Quantentechnologie
Wie prüft man die Quantum Key Distribution?
18. September 2025
Heutige Verschlüsselungsmethoden sind eigentlich eine sichere Sache – doch sie könnten künftig von Quantencomputern geknackt werden. Fachleute arbeiten daher seit Jahren an Alternativen für das heraufziehende Quantenzeitalter. Eine davon ist die sogenannte Quantum Key Distribution (kurz: QKD). Sven Bettendorf und seine Kolleginnen und Kollegen von TÜVIT bauen aktuell das erste Labor in Europa auf, um solche Systeme zu testen.
#explore: Herr Bettendorf, die Quantum Key Distribution soll die Kommunikation im Quantenzeitalter sicherer machen. Wie?
Sven Bettendorf: Anders als heutige Verschlüsselungsverfahren basiert die Quantum Key Distribution nicht auf einem mathematischen Problem, sondern auf quantenmechanischen Prinzipien. Konkret beruht die Sicherheit des Verfahrens auf dem Quantenphänomen, dass man Photonen, also Lichtteilchen, nicht klonen kann. Man kann ihren Zustand nicht bestimmen, ohne diesen zu verändern. Falls jemand trotzdem versucht, die Kommunikation anzugreifen, entstehen dabei zwangsläufig Fehler, die vom System entdeckt werden. Somit kann man auf das Abhören reagieren und sofort den aktuellen Schlüssel verwerfen.
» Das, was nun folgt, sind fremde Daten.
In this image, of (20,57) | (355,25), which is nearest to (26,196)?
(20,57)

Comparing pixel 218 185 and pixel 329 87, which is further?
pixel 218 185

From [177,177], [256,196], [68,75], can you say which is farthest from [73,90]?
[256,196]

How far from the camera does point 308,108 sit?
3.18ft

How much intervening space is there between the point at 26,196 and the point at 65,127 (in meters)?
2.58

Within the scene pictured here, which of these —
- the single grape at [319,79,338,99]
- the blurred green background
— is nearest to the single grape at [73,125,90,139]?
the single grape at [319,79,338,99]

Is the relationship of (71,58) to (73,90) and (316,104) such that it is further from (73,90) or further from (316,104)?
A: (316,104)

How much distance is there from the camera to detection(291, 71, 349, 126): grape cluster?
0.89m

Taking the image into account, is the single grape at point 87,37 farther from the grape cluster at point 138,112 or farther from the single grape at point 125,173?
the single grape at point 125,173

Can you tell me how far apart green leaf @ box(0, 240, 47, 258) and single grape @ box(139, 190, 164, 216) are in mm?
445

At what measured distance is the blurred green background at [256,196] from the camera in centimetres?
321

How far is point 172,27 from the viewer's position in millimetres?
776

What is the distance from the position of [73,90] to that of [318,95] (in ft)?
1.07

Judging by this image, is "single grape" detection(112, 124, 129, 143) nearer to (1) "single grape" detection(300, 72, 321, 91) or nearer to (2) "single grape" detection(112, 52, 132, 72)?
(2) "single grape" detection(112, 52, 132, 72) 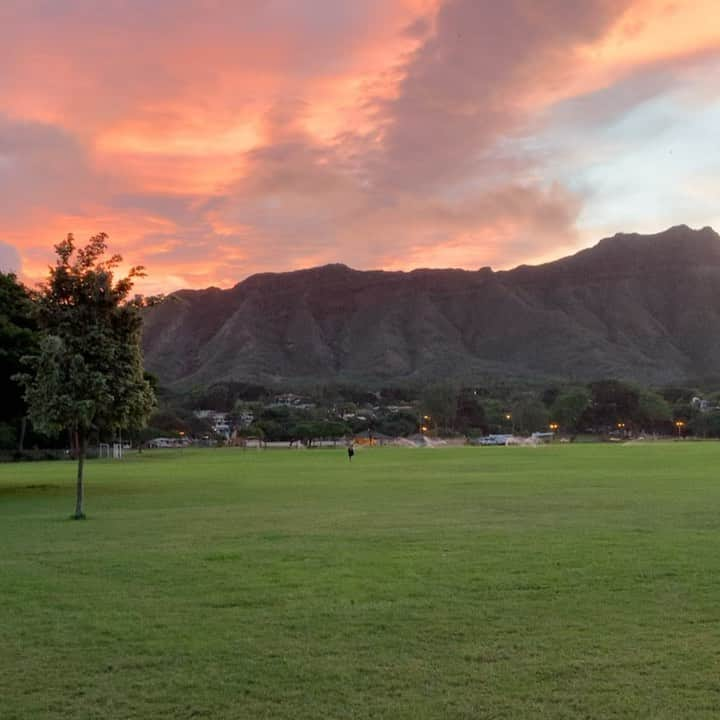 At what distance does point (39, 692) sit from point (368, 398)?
582 feet

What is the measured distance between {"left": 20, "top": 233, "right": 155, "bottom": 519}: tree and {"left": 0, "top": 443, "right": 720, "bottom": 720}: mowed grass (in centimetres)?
360

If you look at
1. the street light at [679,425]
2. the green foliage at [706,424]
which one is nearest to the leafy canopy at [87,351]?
the green foliage at [706,424]

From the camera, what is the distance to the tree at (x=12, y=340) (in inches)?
1254

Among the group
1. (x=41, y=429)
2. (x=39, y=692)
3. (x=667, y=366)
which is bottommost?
(x=39, y=692)

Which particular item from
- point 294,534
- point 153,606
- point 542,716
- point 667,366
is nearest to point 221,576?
point 153,606

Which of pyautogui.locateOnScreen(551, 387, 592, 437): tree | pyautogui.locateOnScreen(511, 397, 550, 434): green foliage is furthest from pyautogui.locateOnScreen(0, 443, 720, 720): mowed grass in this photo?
pyautogui.locateOnScreen(511, 397, 550, 434): green foliage

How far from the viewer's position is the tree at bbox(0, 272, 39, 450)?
31844mm

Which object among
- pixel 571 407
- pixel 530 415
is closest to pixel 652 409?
pixel 571 407

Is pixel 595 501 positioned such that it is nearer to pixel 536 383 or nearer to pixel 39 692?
pixel 39 692

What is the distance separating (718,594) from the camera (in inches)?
432

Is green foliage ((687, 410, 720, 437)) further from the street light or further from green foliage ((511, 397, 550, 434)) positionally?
green foliage ((511, 397, 550, 434))

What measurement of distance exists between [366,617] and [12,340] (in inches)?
1032

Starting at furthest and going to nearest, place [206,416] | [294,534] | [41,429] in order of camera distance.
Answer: [206,416], [41,429], [294,534]

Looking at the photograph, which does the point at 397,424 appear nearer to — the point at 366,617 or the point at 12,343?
the point at 12,343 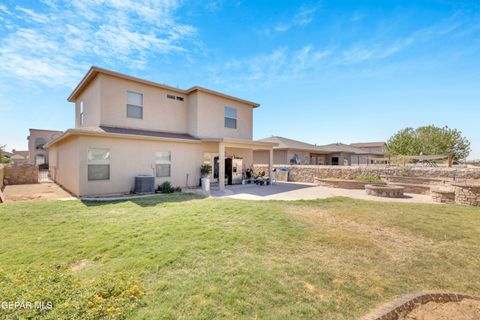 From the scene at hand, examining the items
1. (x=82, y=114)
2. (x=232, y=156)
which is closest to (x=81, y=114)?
(x=82, y=114)

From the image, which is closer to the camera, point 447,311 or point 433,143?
point 447,311

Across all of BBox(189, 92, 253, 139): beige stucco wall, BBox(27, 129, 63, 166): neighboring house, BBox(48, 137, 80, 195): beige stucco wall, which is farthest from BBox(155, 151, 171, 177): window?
BBox(27, 129, 63, 166): neighboring house

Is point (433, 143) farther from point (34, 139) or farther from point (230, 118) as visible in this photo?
point (34, 139)

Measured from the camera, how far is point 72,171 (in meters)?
11.4

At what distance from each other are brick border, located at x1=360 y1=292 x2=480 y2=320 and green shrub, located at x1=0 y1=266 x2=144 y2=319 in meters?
3.06

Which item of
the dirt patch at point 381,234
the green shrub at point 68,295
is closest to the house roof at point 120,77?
the dirt patch at point 381,234

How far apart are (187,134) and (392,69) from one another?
501 inches

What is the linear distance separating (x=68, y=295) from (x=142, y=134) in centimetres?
978

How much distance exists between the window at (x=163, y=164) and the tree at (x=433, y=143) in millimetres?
43040

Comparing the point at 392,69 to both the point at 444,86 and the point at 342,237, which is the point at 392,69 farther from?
the point at 342,237

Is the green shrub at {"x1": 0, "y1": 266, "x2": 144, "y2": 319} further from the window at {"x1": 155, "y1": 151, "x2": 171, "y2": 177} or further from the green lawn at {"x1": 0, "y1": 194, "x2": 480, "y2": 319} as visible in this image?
the window at {"x1": 155, "y1": 151, "x2": 171, "y2": 177}

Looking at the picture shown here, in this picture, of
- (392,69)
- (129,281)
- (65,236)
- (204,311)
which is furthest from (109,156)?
(392,69)

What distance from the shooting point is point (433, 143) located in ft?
130

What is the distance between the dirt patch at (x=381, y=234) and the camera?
4828 mm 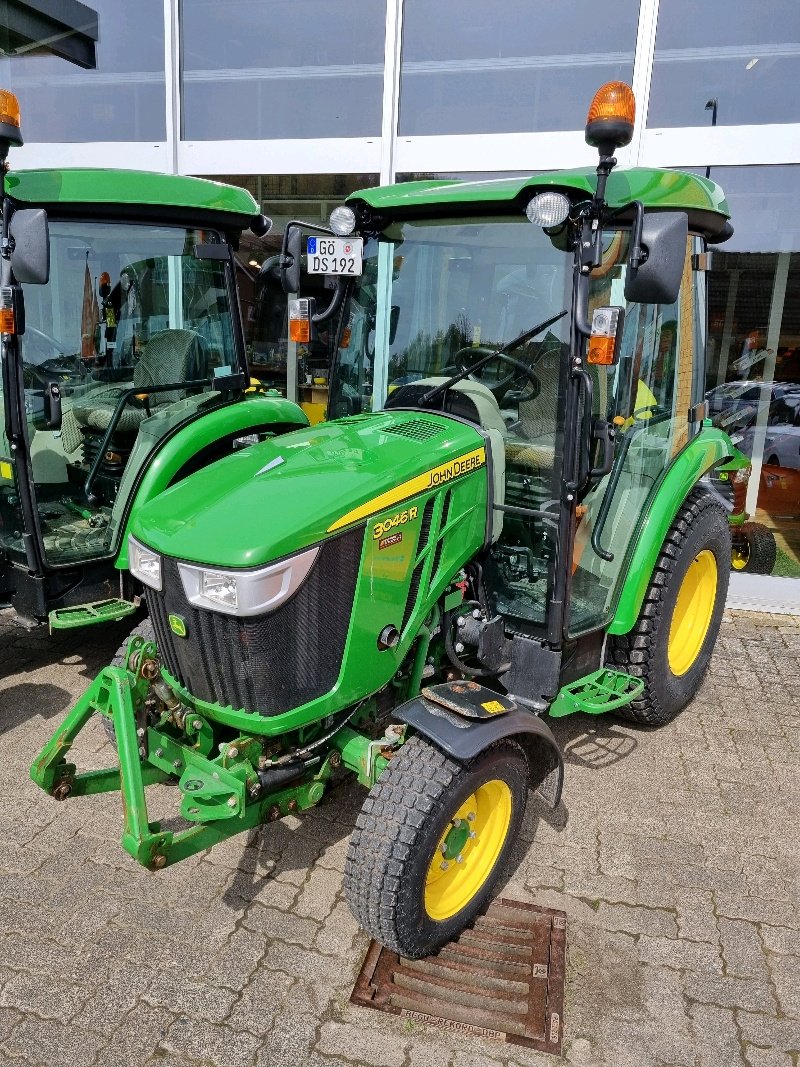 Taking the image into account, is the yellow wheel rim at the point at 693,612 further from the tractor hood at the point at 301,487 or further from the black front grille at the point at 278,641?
the black front grille at the point at 278,641

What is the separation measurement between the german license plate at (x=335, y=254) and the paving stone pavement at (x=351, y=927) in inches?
81.1

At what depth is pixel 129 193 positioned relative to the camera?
3.80 meters

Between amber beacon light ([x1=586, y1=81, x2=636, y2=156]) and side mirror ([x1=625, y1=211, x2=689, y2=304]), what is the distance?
0.84ft

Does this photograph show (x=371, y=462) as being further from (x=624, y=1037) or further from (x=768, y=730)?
(x=768, y=730)

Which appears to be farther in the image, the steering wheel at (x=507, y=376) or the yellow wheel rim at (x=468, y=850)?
the steering wheel at (x=507, y=376)

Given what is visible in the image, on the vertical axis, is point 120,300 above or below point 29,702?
above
Sobald niemand mehr die Photonen beeinflusst, kann ein neuer Schlüssel erzeugt und gesendet werden. QKD-Systeme gelten daher als vielversprechende Kandidaten für eine sichere Kommunikation im Quantenzeitalter. Aber wie bei jedem Sicherheitsverfahren gilt: Bei der Umsetzung können Schwachstellen entstehen, die Cyberkriminelle ausnutzen könnten. Diesem Problem begegnen wir mit dem Aufbau des Labors und der Entwicklung von Prüfmetriken.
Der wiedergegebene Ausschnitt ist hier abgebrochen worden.